(Items from a dataset)

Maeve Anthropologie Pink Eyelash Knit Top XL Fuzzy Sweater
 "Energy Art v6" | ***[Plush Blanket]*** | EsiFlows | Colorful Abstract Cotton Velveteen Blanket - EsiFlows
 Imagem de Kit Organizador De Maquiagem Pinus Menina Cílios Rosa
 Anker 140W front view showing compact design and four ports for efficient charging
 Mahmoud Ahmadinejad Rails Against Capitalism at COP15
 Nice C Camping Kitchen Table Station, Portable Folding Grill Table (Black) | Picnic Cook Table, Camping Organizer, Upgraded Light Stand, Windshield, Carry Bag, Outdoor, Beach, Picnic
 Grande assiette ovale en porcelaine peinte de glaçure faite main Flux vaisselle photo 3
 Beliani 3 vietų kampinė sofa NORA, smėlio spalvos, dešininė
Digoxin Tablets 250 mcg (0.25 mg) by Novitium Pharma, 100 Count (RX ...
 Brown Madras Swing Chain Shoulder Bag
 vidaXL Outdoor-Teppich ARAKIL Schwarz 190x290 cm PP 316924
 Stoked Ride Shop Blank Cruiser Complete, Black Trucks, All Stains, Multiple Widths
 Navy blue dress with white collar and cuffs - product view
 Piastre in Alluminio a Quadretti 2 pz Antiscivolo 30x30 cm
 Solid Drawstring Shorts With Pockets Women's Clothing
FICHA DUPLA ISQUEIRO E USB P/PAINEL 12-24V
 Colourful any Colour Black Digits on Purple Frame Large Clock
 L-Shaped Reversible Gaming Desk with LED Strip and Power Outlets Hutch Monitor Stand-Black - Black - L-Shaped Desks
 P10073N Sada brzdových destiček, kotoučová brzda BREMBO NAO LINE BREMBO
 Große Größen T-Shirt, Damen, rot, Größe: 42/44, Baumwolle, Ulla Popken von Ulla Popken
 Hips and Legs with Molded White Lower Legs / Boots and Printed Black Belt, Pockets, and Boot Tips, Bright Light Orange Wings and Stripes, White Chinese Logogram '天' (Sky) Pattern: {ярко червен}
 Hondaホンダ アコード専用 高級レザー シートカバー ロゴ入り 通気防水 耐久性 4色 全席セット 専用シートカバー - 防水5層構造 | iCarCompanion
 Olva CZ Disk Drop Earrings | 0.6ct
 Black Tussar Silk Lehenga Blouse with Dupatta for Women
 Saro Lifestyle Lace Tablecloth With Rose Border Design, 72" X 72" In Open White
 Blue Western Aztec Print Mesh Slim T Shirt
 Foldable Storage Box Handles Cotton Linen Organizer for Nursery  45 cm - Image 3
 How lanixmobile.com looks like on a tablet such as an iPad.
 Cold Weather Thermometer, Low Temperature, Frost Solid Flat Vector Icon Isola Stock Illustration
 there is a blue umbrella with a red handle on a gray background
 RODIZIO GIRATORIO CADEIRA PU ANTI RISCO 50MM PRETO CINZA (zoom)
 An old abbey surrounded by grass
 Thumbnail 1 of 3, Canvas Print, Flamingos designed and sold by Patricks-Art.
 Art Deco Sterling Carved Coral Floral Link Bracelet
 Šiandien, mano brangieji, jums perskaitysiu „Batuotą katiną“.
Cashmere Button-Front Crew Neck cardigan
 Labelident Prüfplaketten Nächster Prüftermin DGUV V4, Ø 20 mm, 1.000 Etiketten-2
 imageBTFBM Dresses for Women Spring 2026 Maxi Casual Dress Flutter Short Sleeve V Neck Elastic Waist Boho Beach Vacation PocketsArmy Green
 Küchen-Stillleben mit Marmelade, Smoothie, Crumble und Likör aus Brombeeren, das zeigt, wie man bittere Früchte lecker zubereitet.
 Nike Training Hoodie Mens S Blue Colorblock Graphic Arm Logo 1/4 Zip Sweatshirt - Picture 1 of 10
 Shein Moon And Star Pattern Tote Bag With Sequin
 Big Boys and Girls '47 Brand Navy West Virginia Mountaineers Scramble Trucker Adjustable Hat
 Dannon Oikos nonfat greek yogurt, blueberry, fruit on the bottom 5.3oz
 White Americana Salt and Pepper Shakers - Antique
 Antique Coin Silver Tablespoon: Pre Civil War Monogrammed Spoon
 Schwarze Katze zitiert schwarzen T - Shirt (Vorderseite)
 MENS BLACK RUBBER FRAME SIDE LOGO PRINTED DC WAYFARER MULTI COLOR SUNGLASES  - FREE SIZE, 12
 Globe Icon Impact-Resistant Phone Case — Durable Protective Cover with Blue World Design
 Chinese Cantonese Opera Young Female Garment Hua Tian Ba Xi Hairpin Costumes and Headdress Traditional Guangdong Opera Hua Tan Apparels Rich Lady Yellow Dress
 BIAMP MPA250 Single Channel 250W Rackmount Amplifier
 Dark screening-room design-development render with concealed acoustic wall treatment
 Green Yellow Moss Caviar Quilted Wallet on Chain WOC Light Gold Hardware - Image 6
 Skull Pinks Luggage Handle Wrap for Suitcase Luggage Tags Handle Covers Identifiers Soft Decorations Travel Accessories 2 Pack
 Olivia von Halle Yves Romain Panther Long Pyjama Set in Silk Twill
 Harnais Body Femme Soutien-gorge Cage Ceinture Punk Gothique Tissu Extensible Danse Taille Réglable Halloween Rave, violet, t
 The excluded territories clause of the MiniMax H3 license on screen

(ASSIGNED TASK): From the data above, return every line from the line that has "Grande assiette ovale" up to and including the line that has "Colourful any Colour", exactly.

(RESPONSE):
 Grande assiette ovale en porcelaine peinte de glaçure faite main Flux vaisselle photo 3
 Beliani 3 vietų kampinė sofa NORA, smėlio spalvos, dešininė
Digoxin Tablets 250 mcg (0.25 mg) by Novitium Pharma, 100 Count (RX ...
 Brown Madras Swing Chain Shoulder Bag
 vidaXL Outdoor-Teppich ARAKIL Schwarz 190x290 cm PP 316924
 Stoked Ride Shop Blank Cruiser Complete, Black Trucks, All Stains, Multiple Widths
 Navy blue dress with white collar and cuffs - product view
 Piastre in Alluminio a Quadretti 2 pz Antiscivolo 30x30 cm
 Solid Drawstring Shorts With Pockets Women's Clothing
FICHA DUPLA ISQUEIRO E USB P/PAINEL 12-24V
 Colourful any Colour Black Digits on Purple Frame Large Clock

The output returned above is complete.